So, both from the SWR historical simulations (4% SWR) and the account balance study it looks like you and your husband ready to retire this year!
Wait for 3 more years?
There are several reasons to delay early retirement:
- As we saw in the calculations above you might get close to depleting all taxable accounts before your husband turns 59.5, especially if we experience a bear market before then. Sequence of return Risk! Delaying retirement and stocking the taxable accounts will clearly alleviate that problem.
- You will avoid drawing down the “beloved” blue chip stocks.

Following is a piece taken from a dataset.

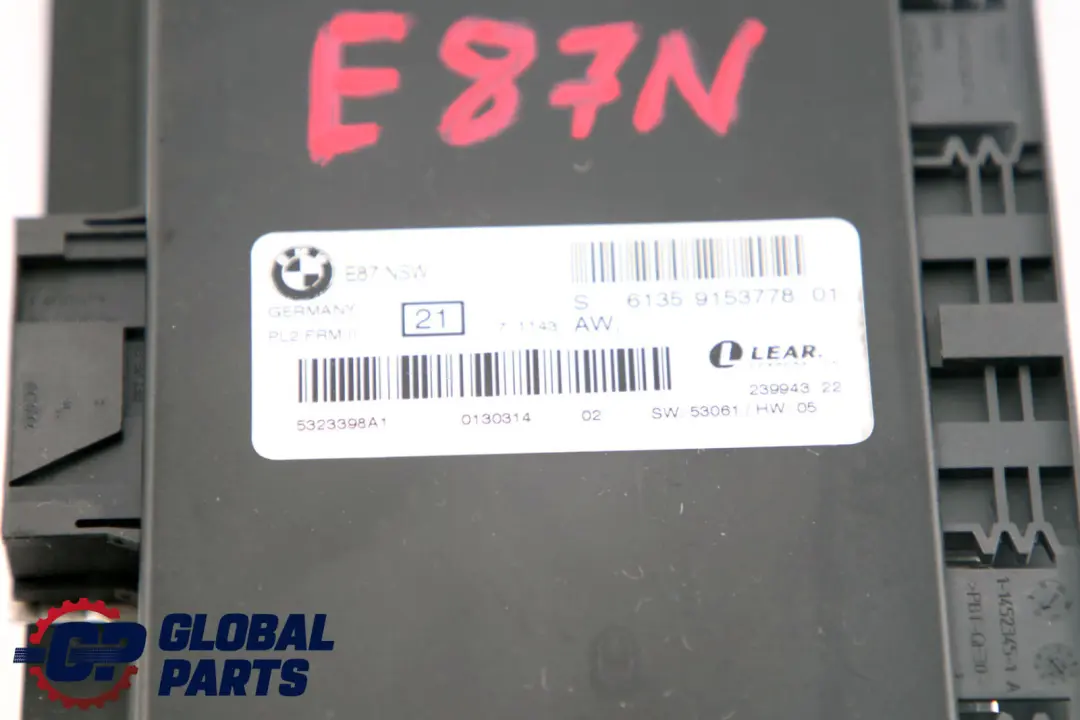 BMW E87 LCI ECU Modulo De Luz Footwell NSW PL2 FRM II Lear - SKU 9153778 - Número de pieza 9153778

- From our numerous emails, it sounds like your husband is in no rush to retire and it also sounded like you haven’t planned much for what exactly you want to do once you retire. If you are not too eager to retire and you don’t really know yet what you want to retire to (we all know what we want to retire from), then it may not be a bad idea to wait a little longer.
- You currently have only $60,000 in your two kids’ 529 college savings accounts. If your kids want to go to college and graduate school it may not be a bad idea to have some extra reserves.
So let’s do the same calculation but delay retirement by 3 years. Specifically, assume this:
- Max out the $42,000 in annual 401k contributions. Since your husband turns 50 next year his max goes up to $24k! Also, you didn’t specify anything about company matching, so the 401k might even grow more if we add the matching.
- $20,000 from the CDs and taxable Bonds plus an additional $30,000 savings from your income go into the after-tax mutual fund account.
- You continue with the backdoor Roth IRA ($6,500 for your husband after age 50, $5,500 for you).
- You can leave the beloved blue chip stocks untouched but you do withdraw the dividends to support your expenses at least for the first ten years.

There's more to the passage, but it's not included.